▸ EXERCISE DESCRIPTION
Give the entries below again, word for word, and leave out the images.

::: SUPPLIED MATERIAL

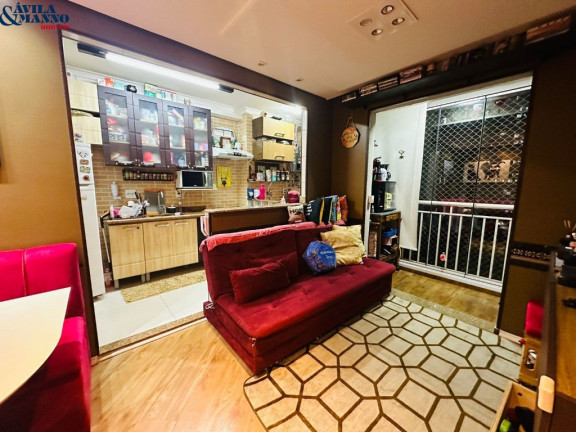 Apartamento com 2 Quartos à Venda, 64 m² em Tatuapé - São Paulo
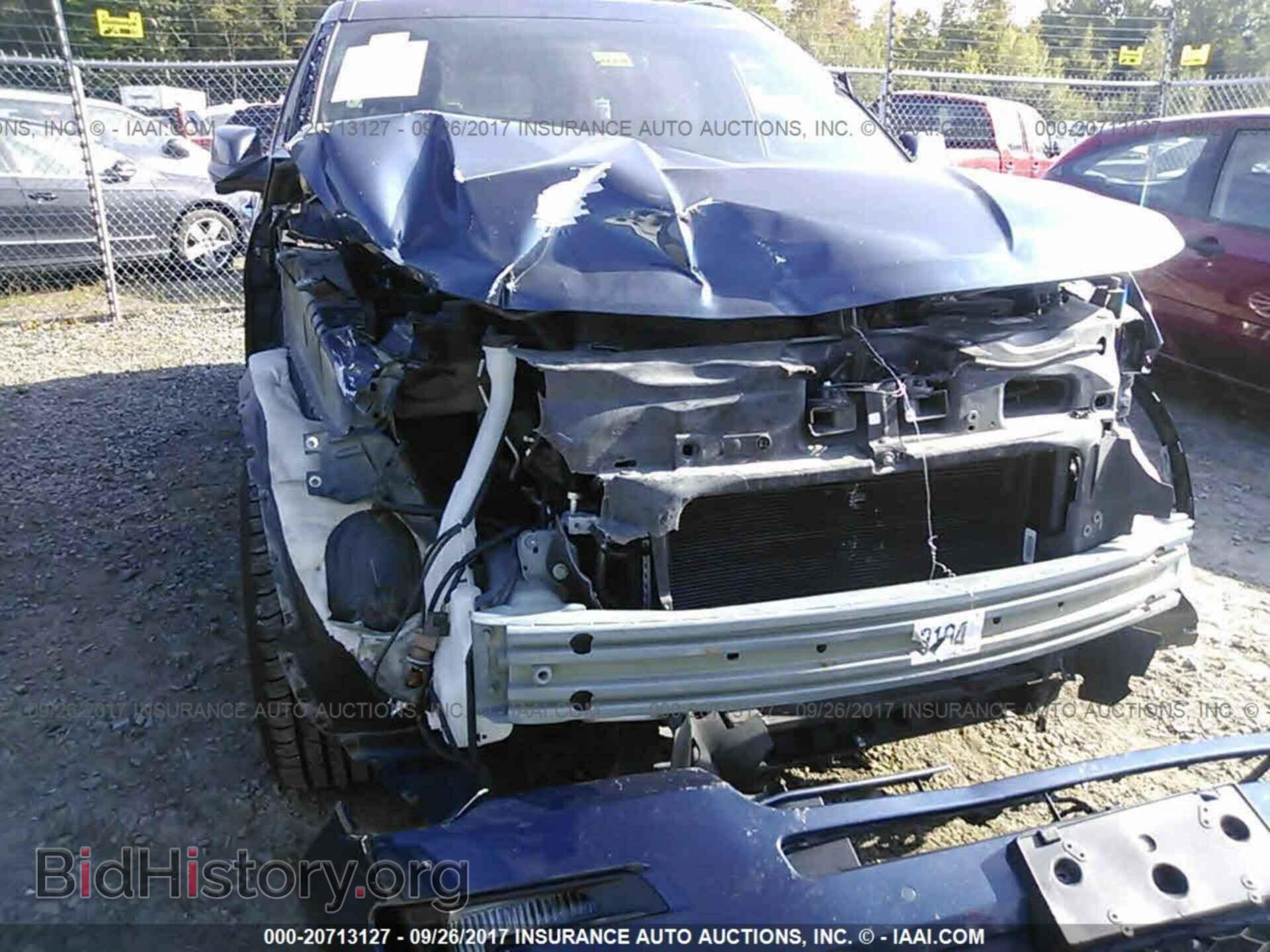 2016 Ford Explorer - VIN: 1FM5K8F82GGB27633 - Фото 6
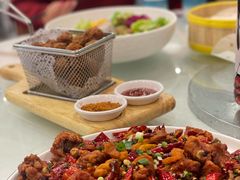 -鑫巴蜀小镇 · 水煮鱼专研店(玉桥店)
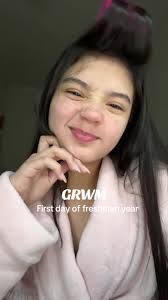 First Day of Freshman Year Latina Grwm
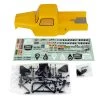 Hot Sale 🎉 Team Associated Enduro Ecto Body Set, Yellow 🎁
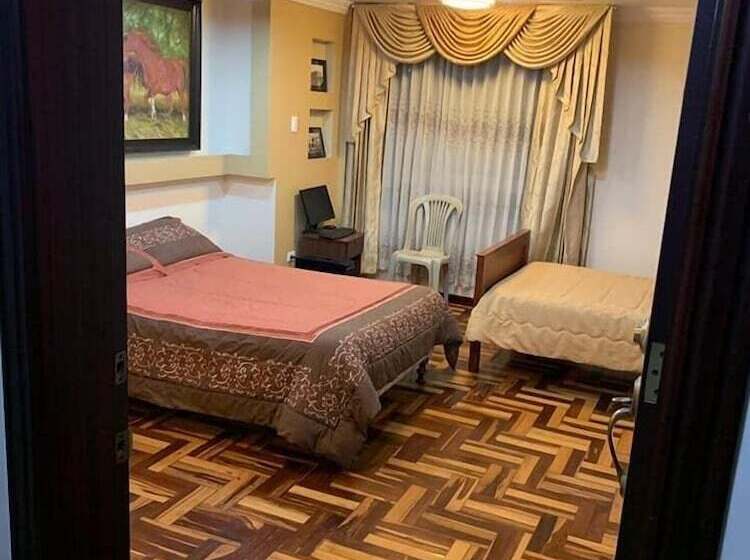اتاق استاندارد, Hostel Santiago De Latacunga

::::::

▸ EXERCISE ANSWER
 Apartamento com 2 Quartos à Venda, 64 m² em Tatuapé - São Paulo
 2016 Ford Explorer - VIN: 1FM5K8F82GGB27633 - Фото 6
 -鑫巴蜀小镇 · 水煮鱼专研店(玉桥店)
 First Day of Freshman Year Latina Grwm
 Hot Sale 🎉 Team Associated Enduro Ecto Body Set, Yellow 🎁
اتاق استاندارد, Hostel Santiago De Latacunga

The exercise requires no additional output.